Join us as we welcome the Ruis family to our community!!!
We will be having a potluck following our morning worship service. The Fellowship Committee will provide all paper products and beverages. Each family should bring a dish to share.
We are excited to announce our new online church directory!
It contains most church members, staff and some active friends of the church. The directory is password protected and only available to members of our church family. You control how much information to share.
We think that the church directory is the second-most important book you own (after your Bible!) because it keeps before your eyes your “brothers and sisters” in the church family. God has called you to stir up particular people to love and good works. He’s called you to encourage certain people every day until it is no longer called today. Your rub elbows with these people each week at church or in your small groups.

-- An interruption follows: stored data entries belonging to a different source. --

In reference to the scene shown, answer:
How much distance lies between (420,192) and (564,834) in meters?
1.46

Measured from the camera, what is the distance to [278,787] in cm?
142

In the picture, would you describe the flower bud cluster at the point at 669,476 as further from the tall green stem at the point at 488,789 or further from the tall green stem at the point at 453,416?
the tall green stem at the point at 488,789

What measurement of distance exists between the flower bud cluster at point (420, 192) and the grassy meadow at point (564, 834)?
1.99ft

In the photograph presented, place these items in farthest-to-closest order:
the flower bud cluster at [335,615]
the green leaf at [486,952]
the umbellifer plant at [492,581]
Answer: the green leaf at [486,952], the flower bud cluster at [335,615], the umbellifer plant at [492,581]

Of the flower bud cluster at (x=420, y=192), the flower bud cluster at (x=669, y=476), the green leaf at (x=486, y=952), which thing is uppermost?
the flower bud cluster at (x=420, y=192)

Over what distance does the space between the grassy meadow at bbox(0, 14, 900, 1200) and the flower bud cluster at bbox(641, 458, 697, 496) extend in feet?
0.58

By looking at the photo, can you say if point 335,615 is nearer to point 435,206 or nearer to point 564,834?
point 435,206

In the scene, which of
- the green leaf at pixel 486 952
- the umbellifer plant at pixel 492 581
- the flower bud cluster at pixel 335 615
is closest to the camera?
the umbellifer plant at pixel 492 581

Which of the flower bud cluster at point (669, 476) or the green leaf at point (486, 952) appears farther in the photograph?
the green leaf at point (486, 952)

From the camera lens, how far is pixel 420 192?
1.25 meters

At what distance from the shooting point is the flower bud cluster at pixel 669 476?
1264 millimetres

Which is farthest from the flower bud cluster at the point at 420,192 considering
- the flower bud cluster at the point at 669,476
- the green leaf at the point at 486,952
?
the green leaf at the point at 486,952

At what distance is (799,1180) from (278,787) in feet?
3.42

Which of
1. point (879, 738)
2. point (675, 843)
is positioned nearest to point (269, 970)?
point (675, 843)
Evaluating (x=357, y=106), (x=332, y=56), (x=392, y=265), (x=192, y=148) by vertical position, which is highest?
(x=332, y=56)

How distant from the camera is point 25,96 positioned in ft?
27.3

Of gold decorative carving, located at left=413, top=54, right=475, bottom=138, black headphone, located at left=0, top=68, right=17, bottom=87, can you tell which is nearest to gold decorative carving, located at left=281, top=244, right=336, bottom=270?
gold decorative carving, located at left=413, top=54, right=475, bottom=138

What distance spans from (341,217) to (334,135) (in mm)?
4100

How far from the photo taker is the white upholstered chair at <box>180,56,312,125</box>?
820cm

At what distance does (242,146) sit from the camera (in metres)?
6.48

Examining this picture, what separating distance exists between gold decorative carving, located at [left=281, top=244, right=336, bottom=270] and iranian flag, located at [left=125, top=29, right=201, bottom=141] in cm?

A photo directory is also a wonderful tool as it will also contain birthdays. If you are like me and forget when your own birthday is, it really helps to have an at home reminder of when our friends turn another age older-though of course they don’t look it! A phone call or a simple note or card on that day is a blessing to them, all because you took out a directory to see who had birthdays this month. Another important time in the life of members is anniversaries. Most directories include them as well and the same joy and appreciation is there for those whose anniversary is commemorated by others too. Using the directory for these purposes actually helps a congregation grow closer together as life’s moments are recognized and shared.

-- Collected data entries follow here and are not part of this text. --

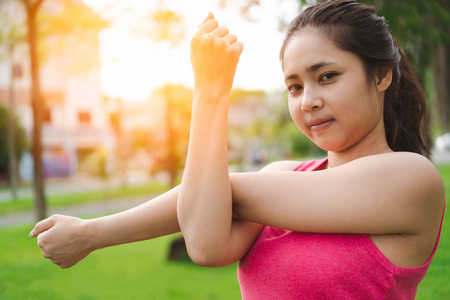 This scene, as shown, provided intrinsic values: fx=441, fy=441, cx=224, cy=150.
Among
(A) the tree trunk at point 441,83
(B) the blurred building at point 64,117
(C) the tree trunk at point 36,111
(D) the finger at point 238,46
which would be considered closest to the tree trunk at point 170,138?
(C) the tree trunk at point 36,111

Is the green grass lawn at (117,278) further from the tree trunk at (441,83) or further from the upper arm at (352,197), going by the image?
the tree trunk at (441,83)

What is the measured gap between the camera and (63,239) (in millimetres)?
1117

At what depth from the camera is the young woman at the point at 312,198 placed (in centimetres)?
100

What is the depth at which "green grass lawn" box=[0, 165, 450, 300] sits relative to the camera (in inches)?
190

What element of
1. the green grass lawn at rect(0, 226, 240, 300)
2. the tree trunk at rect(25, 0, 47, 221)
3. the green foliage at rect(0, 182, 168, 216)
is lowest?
the green foliage at rect(0, 182, 168, 216)

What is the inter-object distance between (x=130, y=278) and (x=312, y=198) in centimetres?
511

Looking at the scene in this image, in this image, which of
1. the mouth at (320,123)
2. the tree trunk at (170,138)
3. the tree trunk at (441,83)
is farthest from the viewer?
the tree trunk at (441,83)

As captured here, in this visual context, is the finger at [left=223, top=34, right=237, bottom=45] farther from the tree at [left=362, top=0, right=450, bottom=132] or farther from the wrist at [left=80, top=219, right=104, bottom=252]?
the tree at [left=362, top=0, right=450, bottom=132]

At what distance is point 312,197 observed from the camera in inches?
40.6

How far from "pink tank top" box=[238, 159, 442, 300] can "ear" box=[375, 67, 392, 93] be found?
0.40 m

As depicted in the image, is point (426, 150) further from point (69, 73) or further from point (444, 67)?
point (444, 67)

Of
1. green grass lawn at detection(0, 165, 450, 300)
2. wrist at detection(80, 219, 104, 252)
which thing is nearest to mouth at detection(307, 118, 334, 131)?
wrist at detection(80, 219, 104, 252)

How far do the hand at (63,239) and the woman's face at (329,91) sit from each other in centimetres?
64

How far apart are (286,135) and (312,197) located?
134 ft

It gives every member a practical tool to aid in prayer and encouragement. Make it part of your family’s devotions. Maybe your family picks one person each night or one person each week and prays for him or her. This practice teaches your family the importance of loving and praying for those with whom you’re running the race. You may also want to pray for missionaries your church supports. Few other practical resources can help every member in your church love one another by praying for each other. So if you have a directory, start using it.
You can access this directory on your computer, laptop, tablet, or cell phone. Copies can also be printed. Download the app by searching CTRN Online Directory in your app store.
Log in information will be coming in an introductory email and in our Sunday Bulletin!